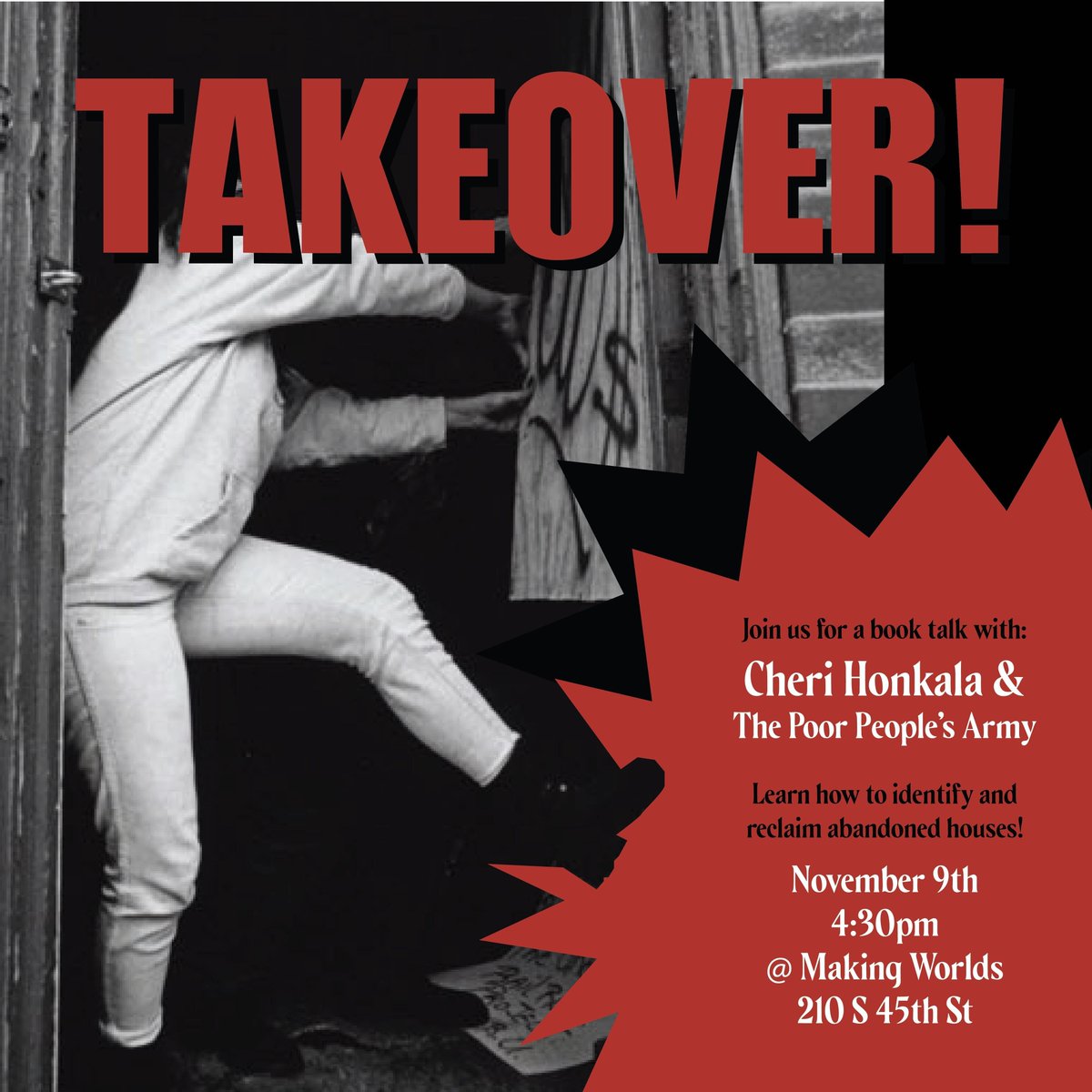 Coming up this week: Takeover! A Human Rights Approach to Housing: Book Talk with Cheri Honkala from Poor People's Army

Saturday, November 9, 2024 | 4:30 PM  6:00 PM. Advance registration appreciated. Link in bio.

==

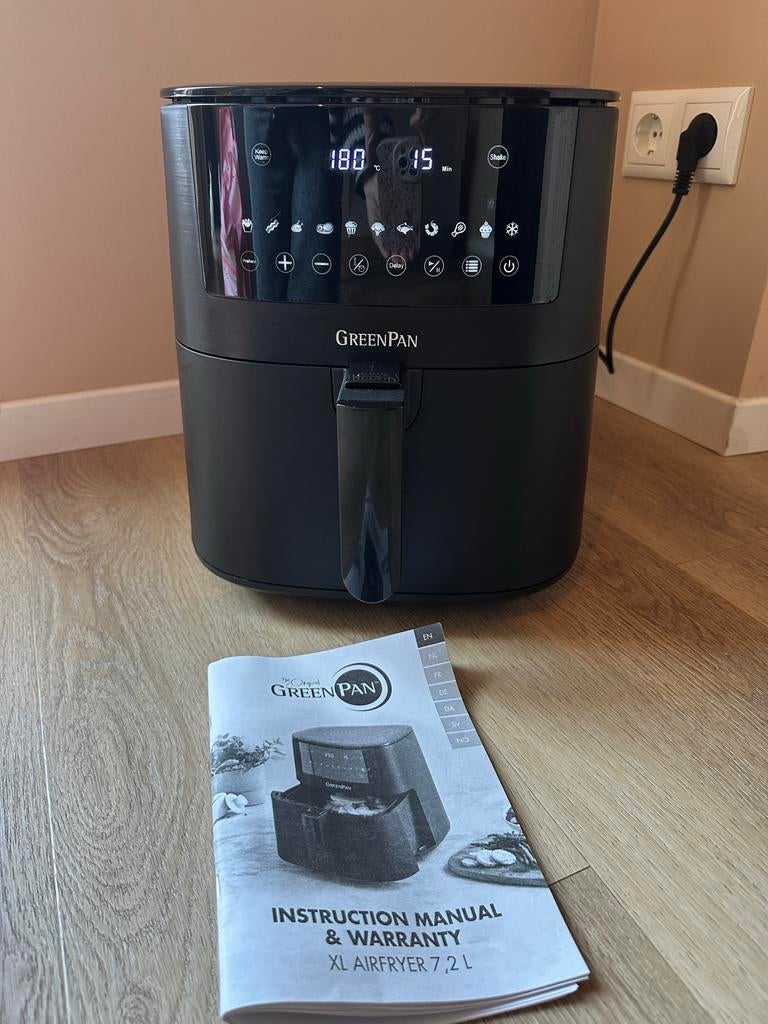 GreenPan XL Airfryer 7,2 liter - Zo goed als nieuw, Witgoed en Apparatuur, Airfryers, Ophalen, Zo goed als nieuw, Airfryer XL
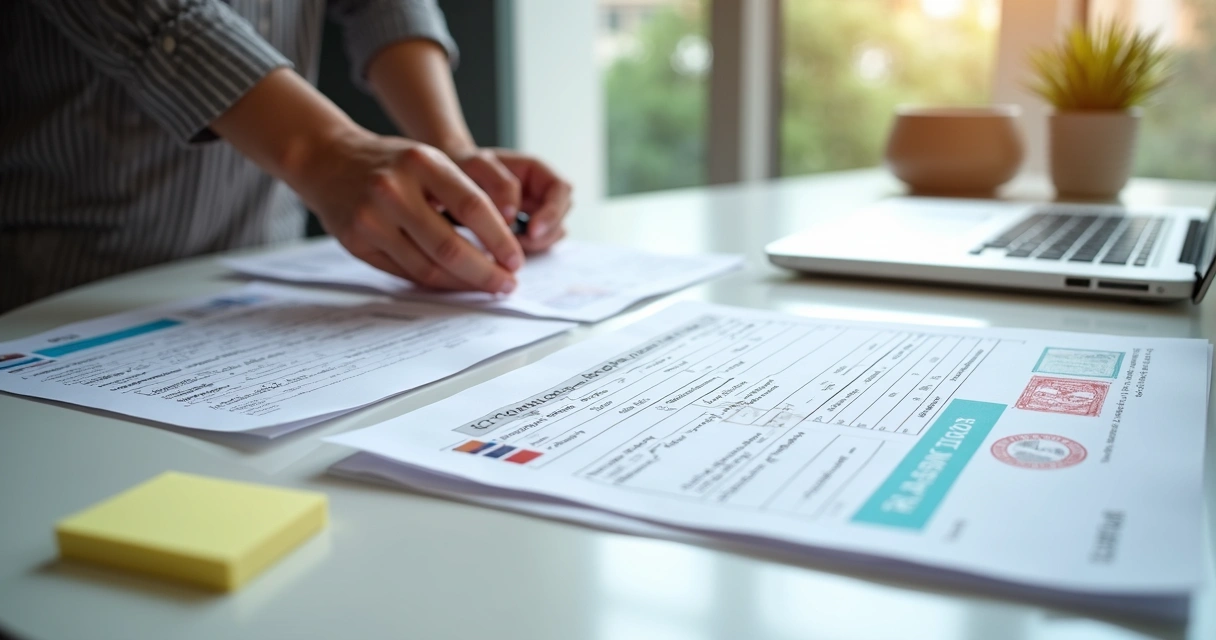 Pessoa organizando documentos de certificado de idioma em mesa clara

About this task: Give again, exactly as written above, every line from the one holding "Coming up this" to the one holding "Saturday, November 9, 2024", with both ends kept and the pictures left out.

Your response:
 Coming up this week: Takeover! A Human Rights Approach to Housing: Book Talk with Cheri Honkala from Poor People's Army

Saturday, November 9, 2024 | 4:30 PM  6:00 PM. Advance registration appreciated. Link in bio.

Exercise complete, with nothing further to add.